Thank you for your contribution to this 64 year old man’s continuing education ! ! !

Perhaps it really all comes down to this: Hamilton and Madison were ‘street smart’, while Jefferson was more of a dreamer than a pragmatist in some regards (who hired others to do his ‘dirty work’ ~ re: Callender, as noted above).

v March 8, 2011 at 7:52 pm

Greetings Thomas
Pray the Liberty Dollar jury has knowledge of this book Hamilton’s Curse
US v. BVNH Case # 5:09-CR-00027 Federal District Court Stateville NC March 7th trial time
end the fed res and dept of fed education
Prayerfully v 2 Maccabees 3:22-40

Drigan March 9, 2011 at 2:51 pm

Thank you for that, it’s good to know that God is on the side of those who save money with the intent of helping those in need.

Jacob Steelman March 8, 2011 at 7:53 pm

The United States would have been much better off under the Articles of Confederation rather than the centralized government that was created and now threatens to destroy the United States.

Gilbert W. Chapman March 8, 2011 at 8:05 pm

Excellent points, Mr. Fox; and I would like to offer a possible explanation for the lack of a serious study regarding Hamilton’s econmic and political philosophy.

To be candid, I ‘worship’ both Hamilton and Jefferson, both were remarkable men, particularly in contrast to our nation’s most recent Treasury Secretarys and Presidents, not to mention Secretarys of State.

I have always felt the void in studies on Hamilton is because his ideas were not fully developed, and , therefore, there isn’t an an enormous body of work to ‘study’. Let’s remember that he was fairly young, in contrast to Jefferson, when he died, and he certainly didn’t have the leisure time Jefferson (while wandering around Montecello) had to ponder economics and politics.

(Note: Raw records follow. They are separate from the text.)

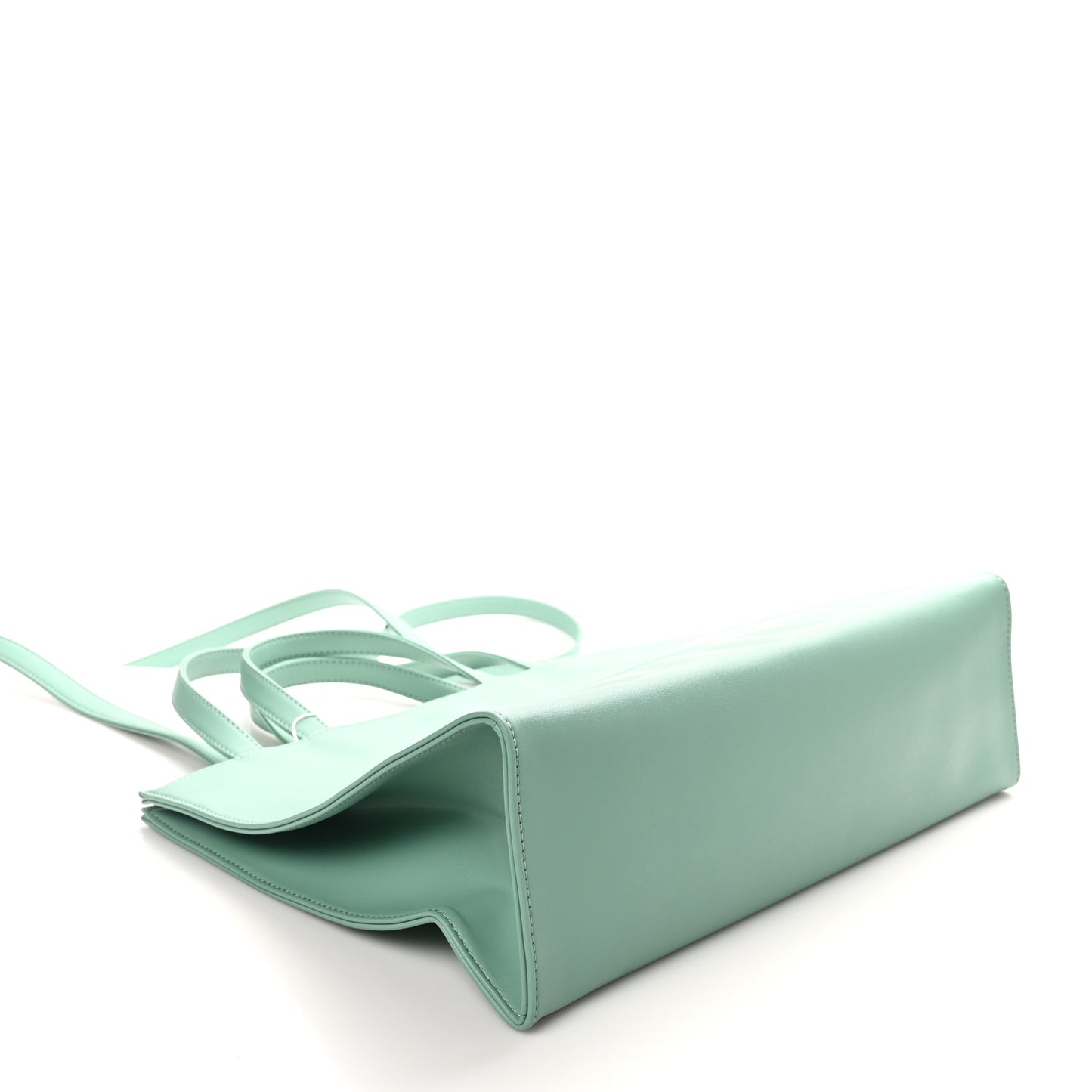 Vegan Leather Medium Shopping Bag Sage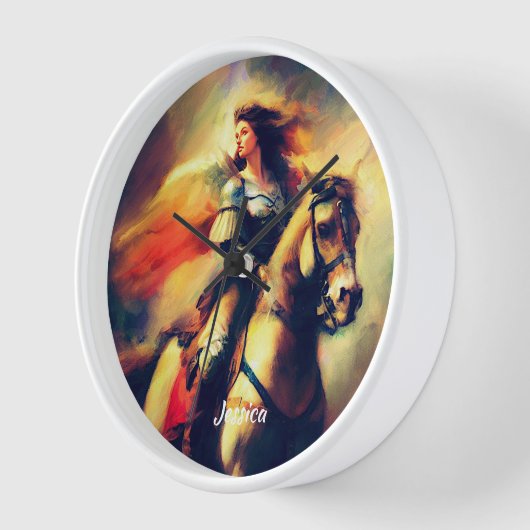 Schöne Valkyrie am Horseback Uhr (Winkel)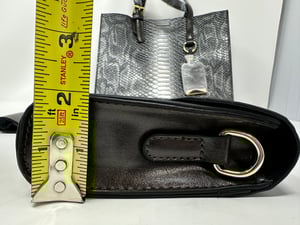 Image of  Snakeskin Patterned Bag with Accessories Gray  - Free Shipping 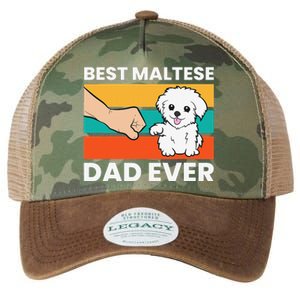 Maltese Dog Dad Best Maltese Dad Ever Legacy Tie Dye Trucker Hat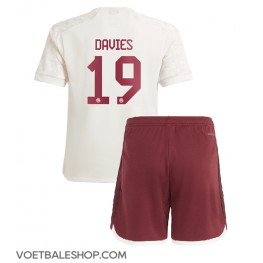 Bayern Munich Alphonso Davies #19 Derde tenue Kids 2023-24 Korte Mouw (+ Korte broeken)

Sure . . . Hamilton wrote the best parts of the Federalist Papers . . . But, I’ve always wondered if he would have chosen to re-write and re-think portions if he had lived as long as Jefferson.

Just a thought on my part, but, then again, like you, I’m not really a big fan of Mr. DeLorenzo.

Dick Fox March 8, 2011 at 8:32 pm

There are myths on the right and on the left. This myth of Hamilton has been perpetuated by some on the right for a long time and DeLorenzo is not even the best.

Hamilton was one of the most prolific writers of all the Founding Fathers, the Federalist Papers are only a small example, yet DeLorenzo does not back up his claims with quotes from Hamilton. Rather he uses quotes from Hamilton’s critics. Art notes this without realizing it when he writes, “He Potrays Hamilton as a schemer, quoting contemporaries who felt that he was intentionally confusing in his economic proposals as a means of hoodwinking the uninitiated.” In fact in his Report on the Public Credit he spends most of his time educating congress. In his report he demonstrates an understanding of monetary policy exceeding most economists of our day.

But Hamilton is only half of the discussion. The Jefferson myth is as bad. “Jeffersonian strict construction” existed only in myth. Art wrote that Hamilton was “statist, mercantilist, and nationalist,” yet Jefferson proved he was statist in his foreign policy using troops without the approval of congress, he was an extreme mercantilist as manifest in the Embargo Act of 1807 and the Nonintercourse Acts, and nationalist as proven by his purchase of the Louisiana Territory.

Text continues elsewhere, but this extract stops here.